4月7日、バリ島の観光名所にもなっているヒンズー教のウルンダヌバトゥール寺院では儀式が執り行われた。訪れた信徒は、消毒室を通って寺院の階段を上っていった(写真:ロイター/アフロ)

(PanAsiaNews:大塚智彦)

 インドネシアのコロナ禍はますます悪化している。そこでインドネシア政府は、4月7日、ジャカルタ州政府に対して、最も感染者が多い首都ジャカルタに「大規模社会制限(PSBB)」という実質的な「非常事態宣言」を適用することを認可した。これにより10日から、大幅な人、モノの制限が適用されることになった。

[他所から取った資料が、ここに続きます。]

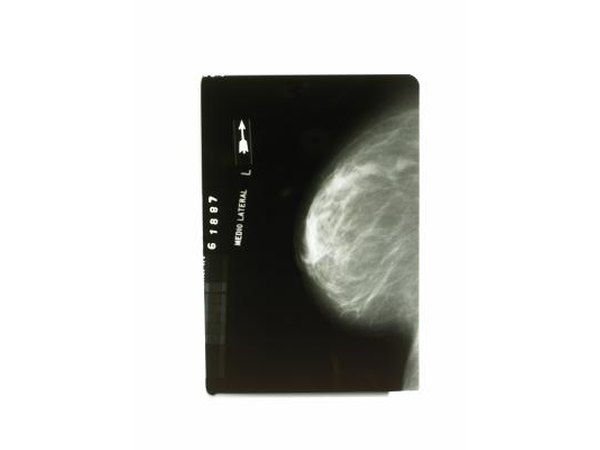 Xray of breast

 同社会制限には明文化されてはいないものの、軍や警察が非常事態に際して治安維持目的で活動を強化する余地が残されている。そのため、市民の移動制限や集会やイベント解散、商業活動の禁止など、今後市民生活に治安当局が強権で介入する可能性も強く、市民の間には不安と不満が高まりつつある。

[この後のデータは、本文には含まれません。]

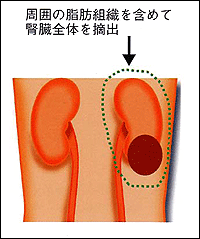 腎摘除術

 またジャカルタでは、拳銃強盗や窃盗容疑者への私刑による殺人、群衆によるケンカが発生するなど治安が悪化する兆候も出てきており、PSBBの施行によって市民生活が円滑に回らなくなると、さらなる治安悪化が現実のものになるのではないかと、在留日本人の間にも不安が広がっている。

地方自治体の要請に応えたPSBB

 ジョコ・ウィドド大統領は、いわゆる「都市封鎖」や「非常事態宣言」、「夜間外出禁止令」などといった強制力を伴う感染拡大予防策の実施には消極的な姿勢を維持してきた。しかし「公衆衛生上の危機的状況」に対応するため、保健省による「社会活動の制限」という手段を使って実質的な「非常事態」の態勢を取ることで、地方自治体の不満を解消する道を選択したわけだ。